◆ **TASK DESCRIPTION**
In the entries below, which lines run from the one containing "Brie Brie ..." to the one containing "تثبت النايلون على البيوت البلاستيكية - GAV"? Copy exactly those lines, ends included, and no others.

◆ **ENTRIES PROVIDED**

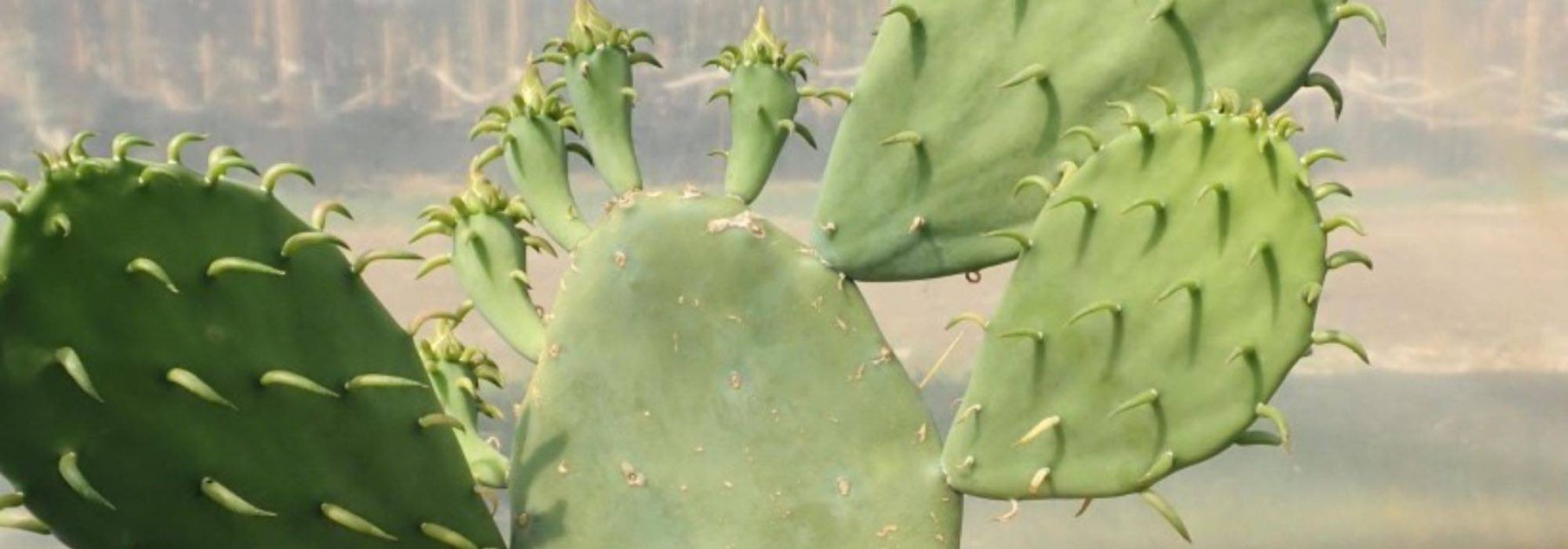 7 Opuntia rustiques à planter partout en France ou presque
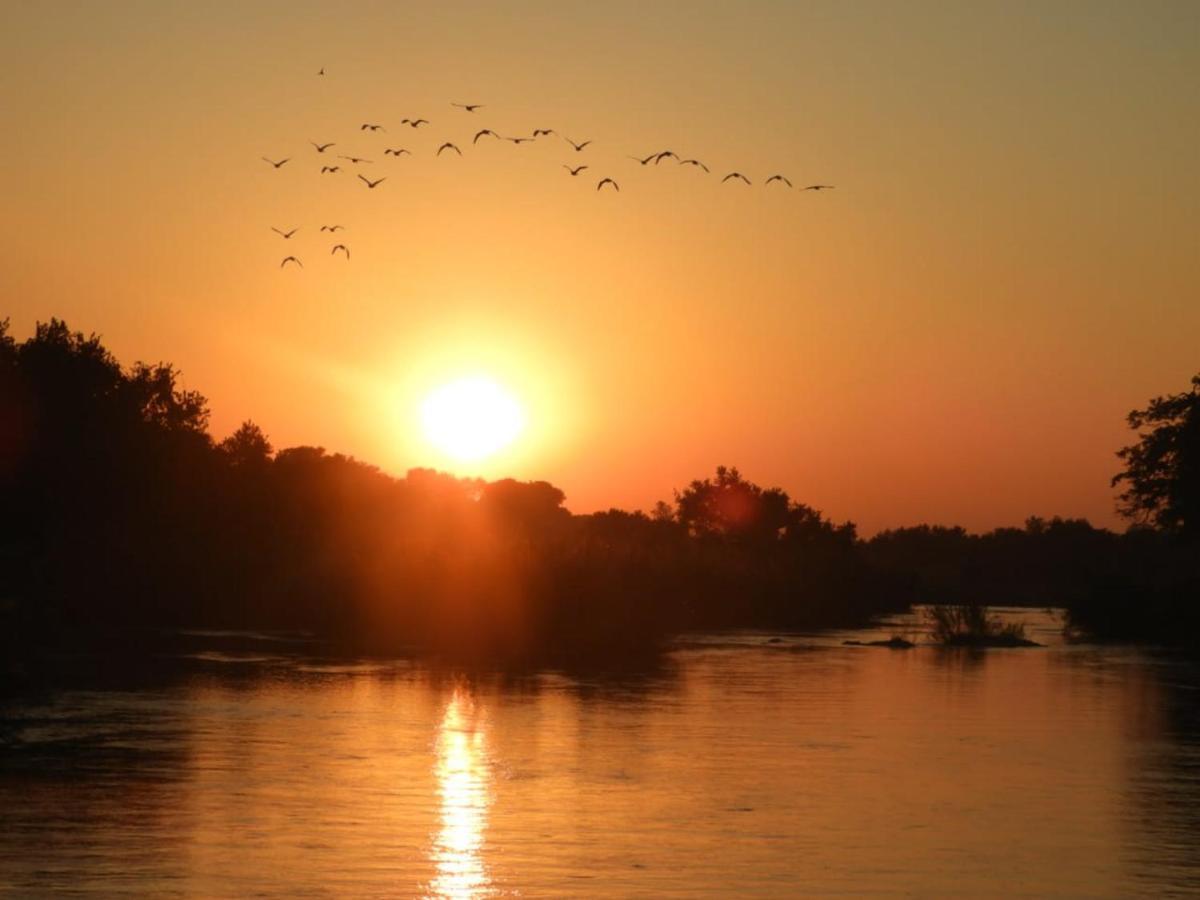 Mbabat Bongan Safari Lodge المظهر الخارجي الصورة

---

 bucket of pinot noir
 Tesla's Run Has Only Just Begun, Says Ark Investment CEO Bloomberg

...

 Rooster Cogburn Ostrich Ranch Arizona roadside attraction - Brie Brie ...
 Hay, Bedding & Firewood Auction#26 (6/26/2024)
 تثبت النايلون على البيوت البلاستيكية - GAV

◆ **SOLUTION BELOW**
 Rooster Cogburn Ostrich Ranch Arizona roadside attraction - Brie Brie ...
 Hay, Bedding & Firewood Auction#26 (6/26/2024)
 تثبت النايلون على البيوت البلاستيكية - GAV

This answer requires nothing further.